SKA
March 4th, 2008 Matt
I spent my evening at an Astronomy Group of WA (AGWA) meeting listening to an excellent, although high level, presentation on the Square Kilometre Array (SKA) by Peter Quinn from the University of Western Australia. The Square Kilometer Array is a huge array of radio telescopes that will be built in the next 10 years or so in either South Africa or outback Western Australia.
I have been listening to talks about the SKA for a couple of years now but this was the first talk that put the scale of the enterprise in to perspective.
For example, a raindrop striking the ground produces about 1 joule of energy. The amount of energy that has been detected by all of the current radio telescopes together over their entire lifetimes is 0.0001 joules, one ten thousandth of the energy produced by a drop of water hitting the ground. A small test version of the SKA, the pathfinder that will start construction next year, will collect that much energy within 6 months.
The SKA itself will produce an exabyte of data per day. An exabyte is a 1,000,000,000 gigabytes and is the amount of data that is currently produced on the Earth in a year.
I’ll say that again. The SKA will produce as much information per day as all of the Earth’s computers currently produce in a year.
The computer required to process all this information will require 350MWatts of power to run.
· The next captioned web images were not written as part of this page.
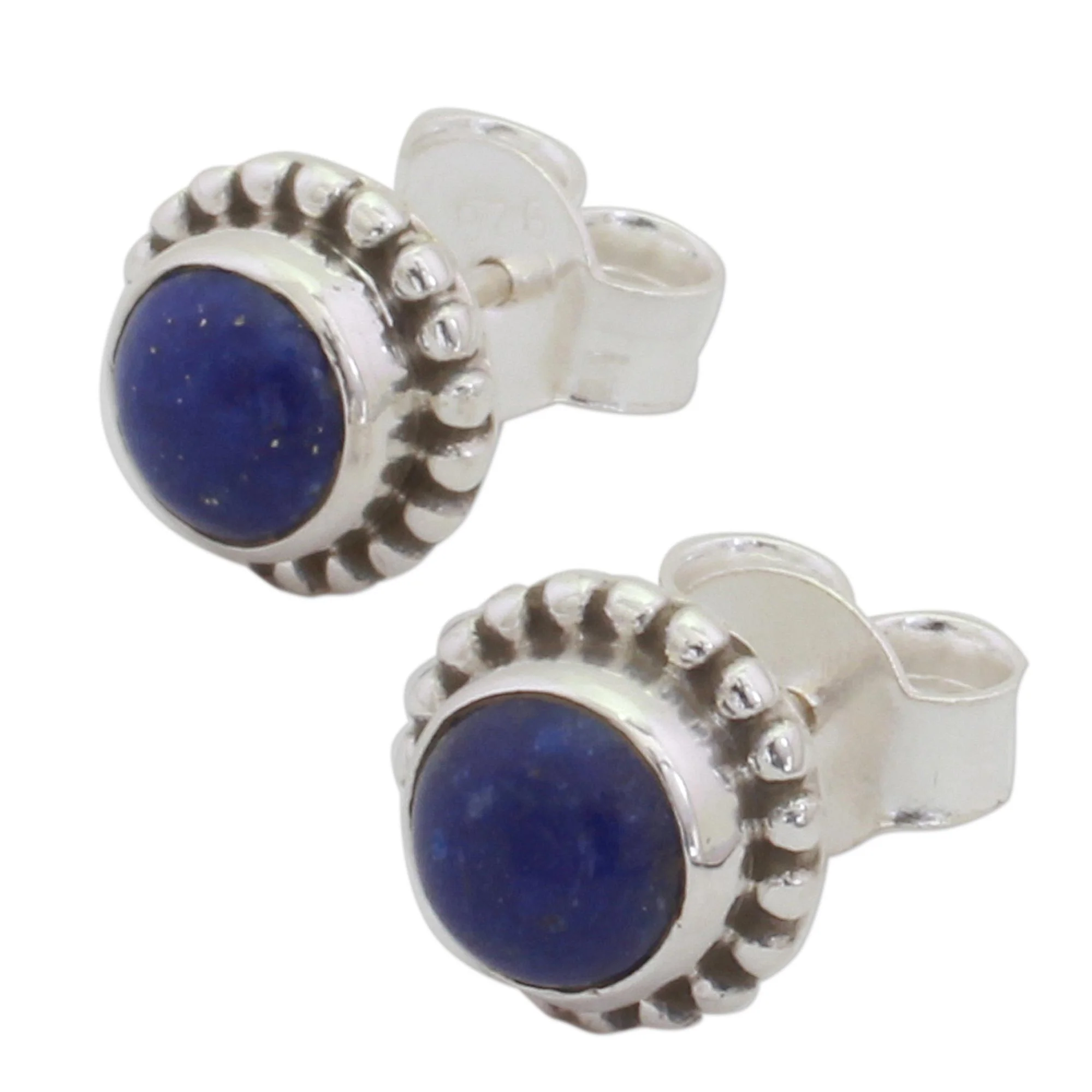 Blue Globe Sterling Silver Stud Earrings - Image 5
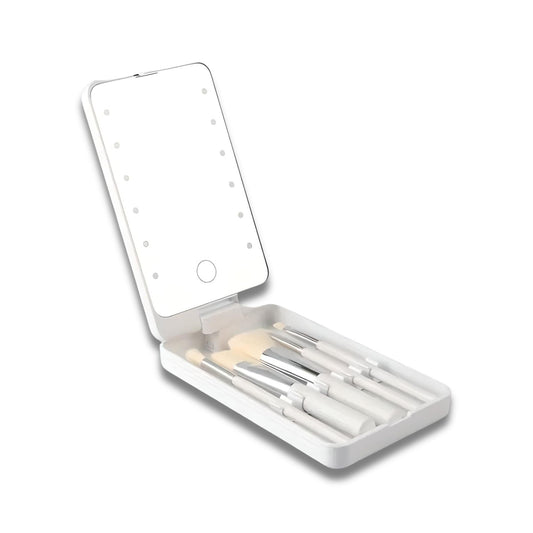 Set de brochas de maquillaje para viaje con estuche elegante – ROSALIE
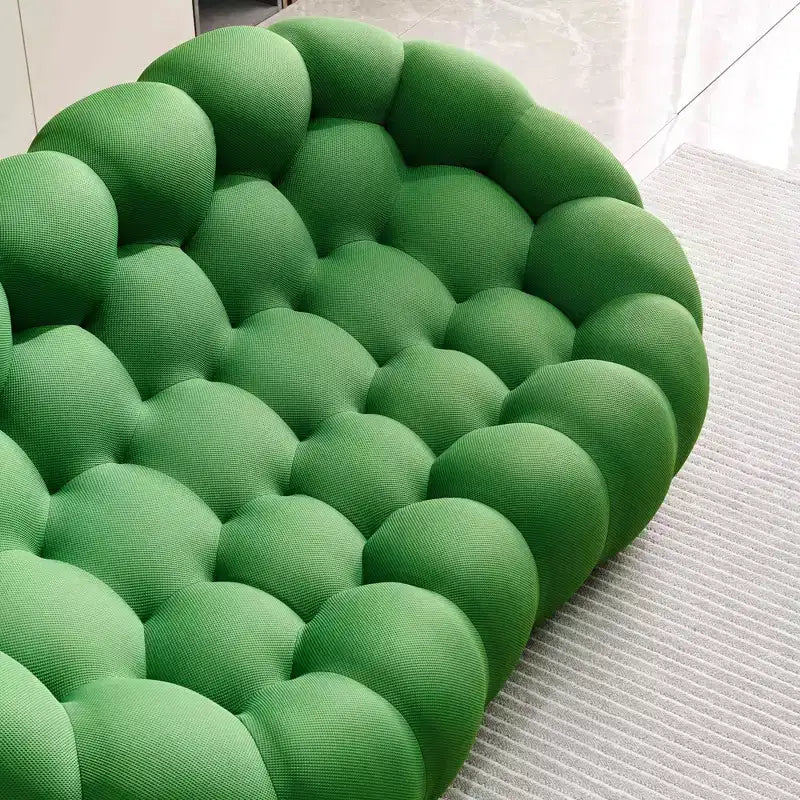 Honeycomb Bubble Loveseat Sofa with 3D Mesh Fabric, 75-Inch Modern Floor Couch, Green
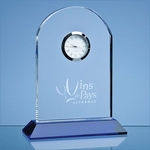 16cm Optical Crystal Arch Clock Mounted on a Cobalt Blue Base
The kinds of storage, networking and processing that are going to be required don’t yet exist. Hopefully they will by the time the SKA is built, perhaps the SKA will drive their creation.
However, what really brought it home to me was a computer generated animation of what it will be like to drive up to the SKA. I had a moment when it suddenly hit me how enormous an undertaking this thing is going to be.
And hopefully it’ll be going on in my back yard.